Efficient Path Signature Features

In what follows I will try to give an accessible introduction to what path signatures are, and the work I did for my Master’s dissertation last year. I am very grateful to Emilio Ferrucci for supervising me. The full dissertation can be found here, but this post includes my thoughts on the main takeaways and limitations.

What are path signatures?

Recall that paths in $d$ -dimensional Euclidean space can be defined as continuous functions $[0, T] \to \mathbb{R}^d$ . Consider a path $X: [0, T] \to \mathbb{R}^n$ with the additional property that it has finite length (this is also known as a path of bounded variation). We will use the notation $X_t$ to mean $X(t)$ . We can break down $X$ into $d$ components which are each one-dimensional paths $X^1, \ldots, X^d$ , with $X_t = (X^1_t, \ldots, X^d_t)$ .

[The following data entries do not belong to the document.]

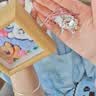 老凤祥足银项链女生款锦鲤平安长命锁吊坠首饰生日纪念日礼物送女友老婆 粉绳款*平安锁*本地仓/就近发货 实拍图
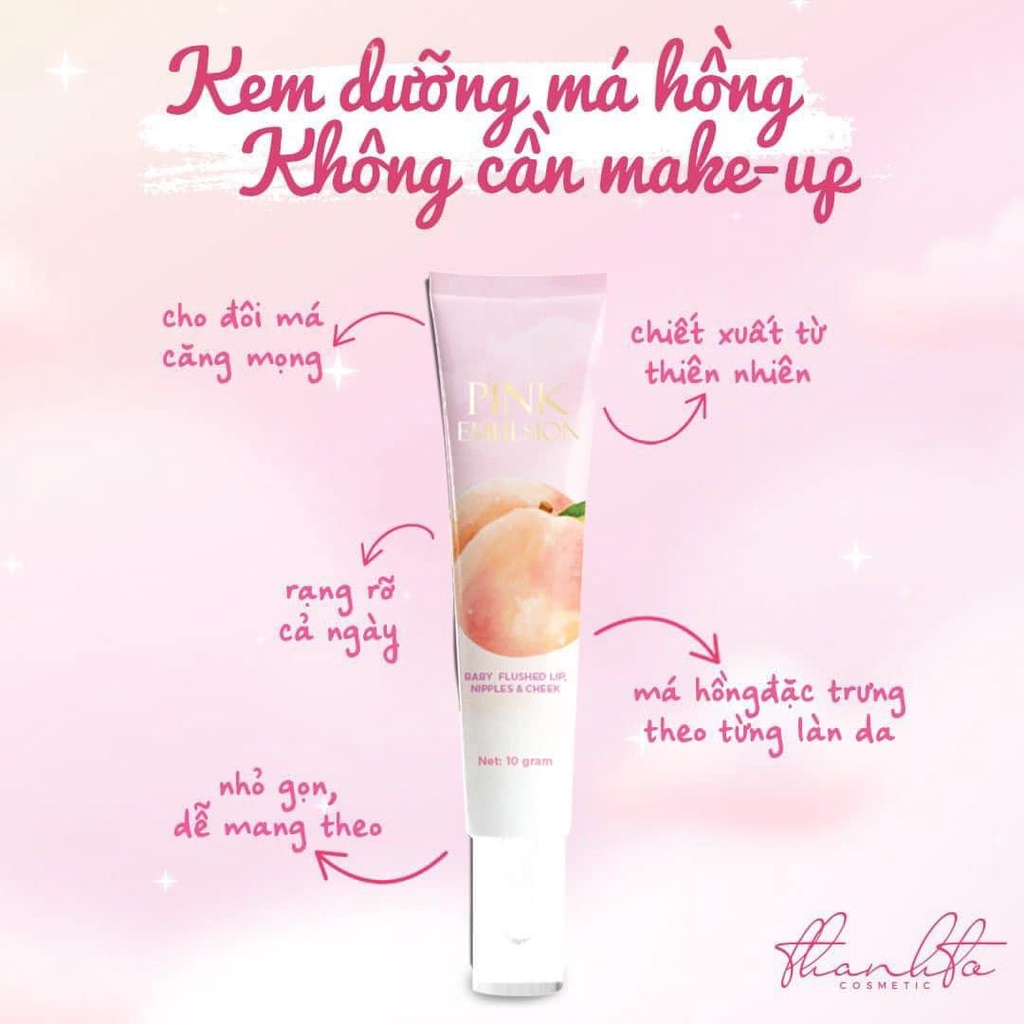 KEM DƯỠNG MÁ HỒNG PINK EMULSION- Hồng tự nhiên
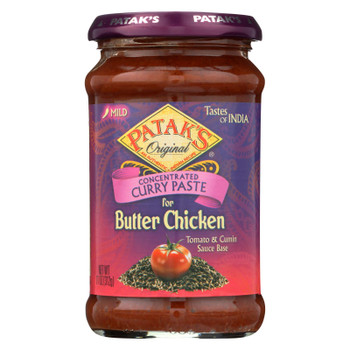 Patak's Concentrated Curry Paste For Butter Chicken - Case of 6 - 11 OZ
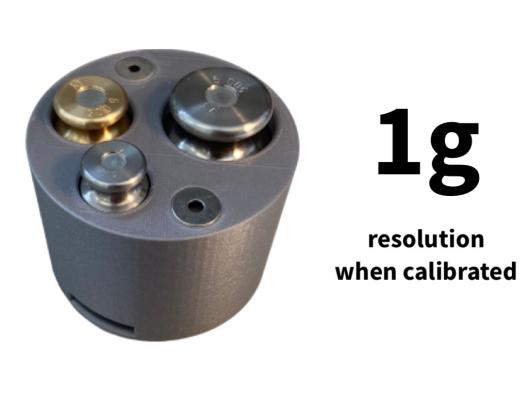 Weight resolution of 1 g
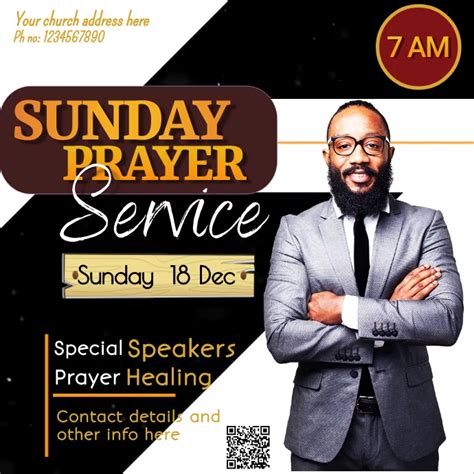 Sunday prayer service Template | PosterMyWall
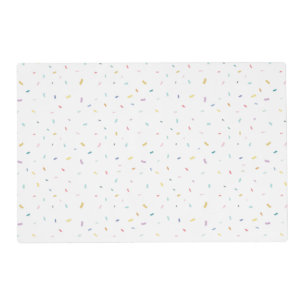 Soft Watercolor Confetti Pattern Placemat
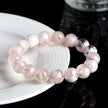 Natural Snowflake Ghost Round Beads Bracelet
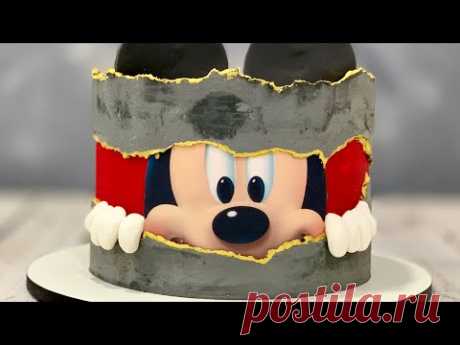 Mickey Mouse Cake | Fault Line Cake | Concrete Cake
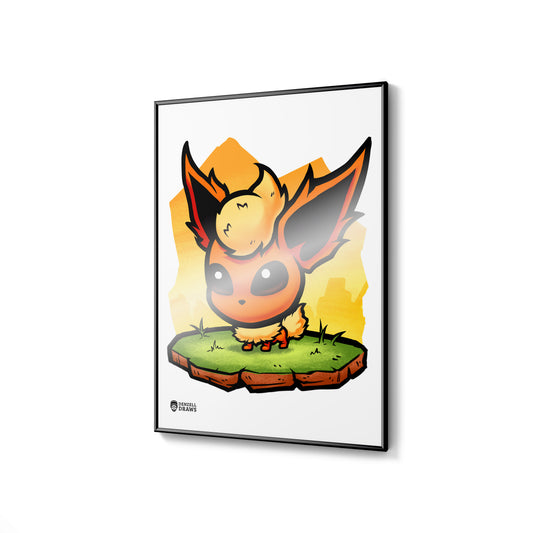 Flaming Fox - Art Print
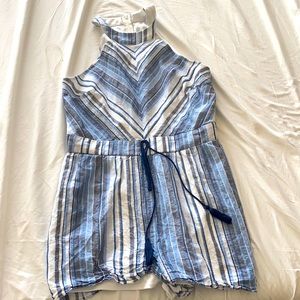 Blue romper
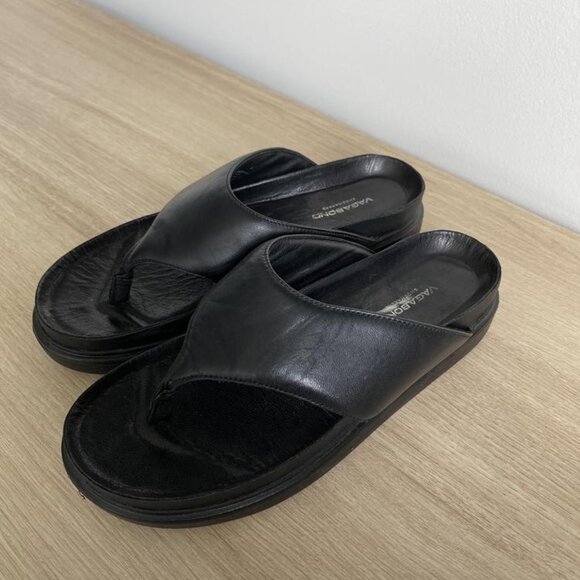 Vagabond Black Sandals - Picture 2 of 4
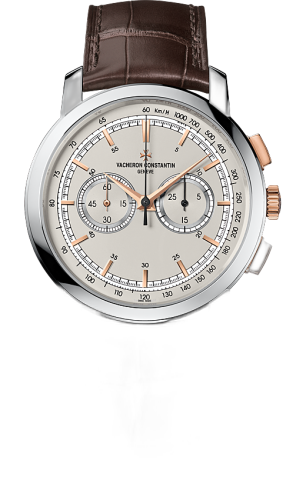 [47192/000B-9828] Traditionnelle Chronograph White & Pink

Each $X^i$ is a function of bounded variation, so an integral of the form

\int_a^b f(s) dX^i_s

can be given meaning by the Lebesgue-Stieltjes integral. Using this, we can now take repeated integrals of various components against each other, like this:

\int\limits_{0 < t_1 < \dots < t_k < T} dX_{t_1}^{i_1} \cdots dX_{t_k}^{i_k}

(note that $\int_s^t dX_u$ is simply the increment of the path $X$ over the time interval $[s, t]$ ). Here $k$ is the choice of how many repeated integrals to do, and the $i_1, \ldots i_k$ are choices of dimensions from $1$ up to $d$ . The same dimension can be chosen more than once.

The signature of a bounded variation path is essentially the collection of all such iterated integrals, at every level $k$ . Note that the $t_1, \ldots, t_k$ are dummy variables, so the signature doesn’t depend on them. Such iterated integrals were studied by the mathematician Kuo-Tsai Chen in the mid-20th century¹. The signature is an infinite object, but one can take truncations, i.e. only take iterated integrals up to level $N$ .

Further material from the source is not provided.